This discussion explains EM theory development and practices for the organization’s growth. EM are activities implemented by an organization to identify opportunities, using innovative risk management approaches, resource leveraging, and value creation to acquire and retain customers. EM creates an idea or product then finds a market, focuses on innovation, risk-taking, proactiveness, value creation, and leveraging resources, and uses informal decision-making process unlike traditional marketing (TM), which develops a product that meets customer needs, focuses on product, price, places, and promotion and uses formal plan on goals and decision making. The conceptual framework for EM created by Bjerke & Hultman in 2002, seven dimensions of EM by Morris, schindehutte, and LaForge in 2002, EMICO (combination of entrepreneurial orientation(EO), market orientation (MO), innovation orientation(IO), and customer orientation(CO)) framework by Jones and Rowley in 2009, the EMO (entrepreneurial marketing orientation) model by Jones and Rowley in 2011, The six-factor model by Kilenthong, Hultman, and Hills in 2015 and Eight dimensions EM by Chaston in 2016 explains how EM theory evolved. The discussion also explains how different organizations have used the eight EM dimensions for survival and growth.

  1. Introduction

Successful entrepreneurship needs a balance of different aspects of business like financing, accounting, marketing, and management. Companies use marketing activities to identify consumers and make consumers buy their products or services. Marketing is one of the essential aspects of business, for if consumers aren’t aware of the new products, a company cannot be successful. Even though there are many reasons why businesses fail in a start-up failure post-mortem of over 110 firms done from 2018 by CBInsights, poor marketing accounted for 35% of the start-up failure, as shown in figure 1 (CB Insights, 2021). Conducting effective marketing is crucial for the growth of businesses, and one way of enhancing marketing is through implementing entrepreneurial marketing concepts (Boukhris, Penney, and Harms, 2015). EM are activities implemented by an organization to identify opportunities, using innovative risk management approaches, resource leveraging, and value creation to acquire and retain customers (Hisrich and Ramadani, 2018).

  1. EM vs. TM

EM differs from TM in a variety of concepts. Unlike EM, which creates an idea or product and then finds a market, TM defines market needs before designing products (Martin, 2009). TM develops a product that meets customers’ requirements; this limits room for creativity and new ideas; on the other hand, EM focus on co-production for products and services between customers and co-workers and discovering creative ways to connect with the customer ((Stokes, 2000)). TM focuses on principles like the product, price, places, and promotion, while EM focuses on innovation, risk-taking, proactiveness, value creation, and leveraging resources ((Martin, 2009)).TM has a formal plan on goals and decisions to be taken. In contrast, EM does not rely on a standard procedure and uses an informal decision-making process depending on customers and markets (Nwankwo and Kanyangale, 2020).
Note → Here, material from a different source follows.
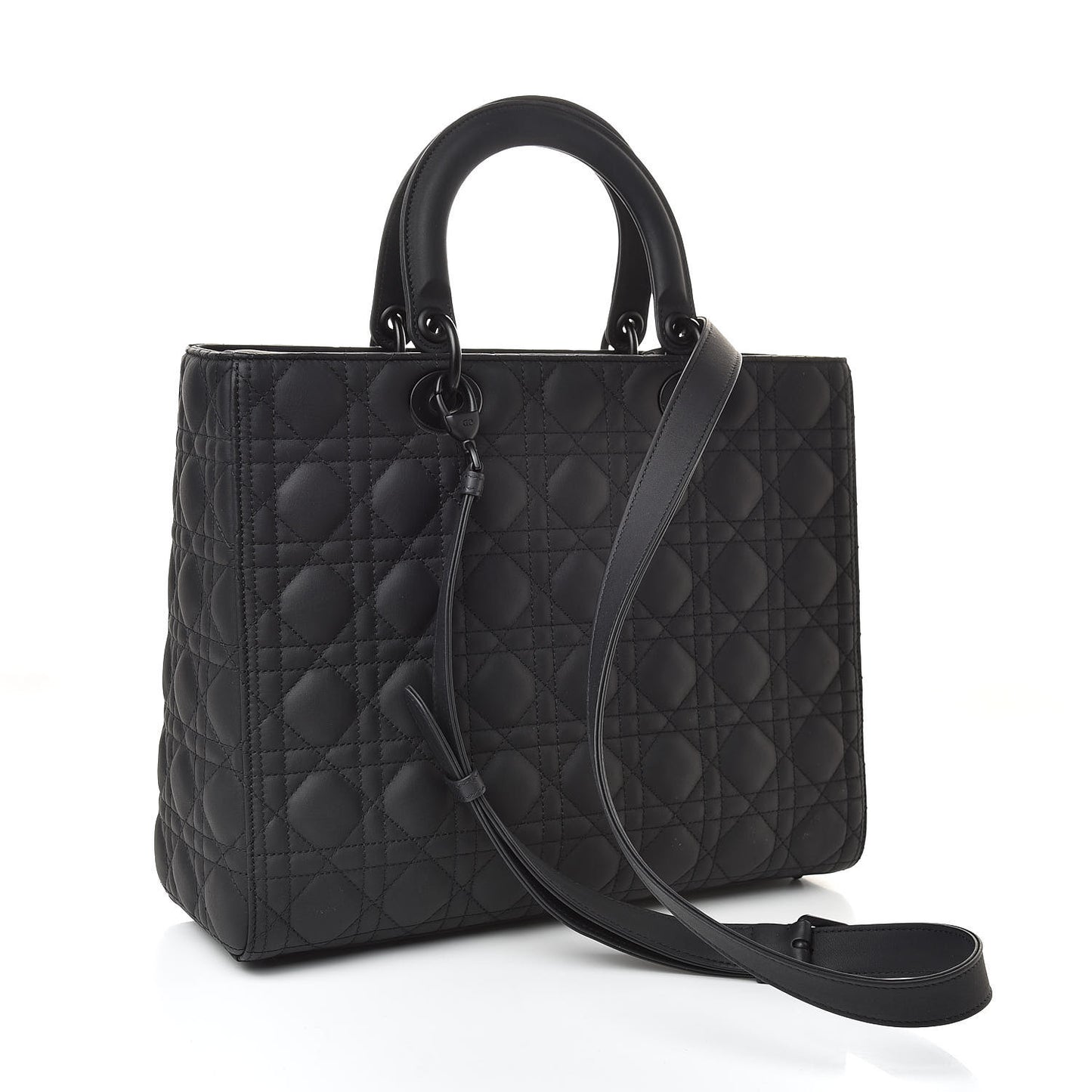 Ultra Matte Calfskin Cannage Large Lady Dior Black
  1. Development of EM theory

Research has developed different models and frameworks used to measure the construct of EM. The conceptual framework for EM created by Bjerke & Hultman in 2002 explains that EM is based on four main pillars; entrepreneurship, resources, actors, and process, as shown in figure 2 (Hills, Hultman and Miles, 2008). The entrepreneurship pillar represents opportunities , how they can be recognized and implemented to increase customer value; resources pillar is a crucial element to help improve customer; the process pillar assembles all the other pillars to generate the desired results; actors pillar are individuals that implement the process to achieve customer value (Kolongahapitiya, 2018).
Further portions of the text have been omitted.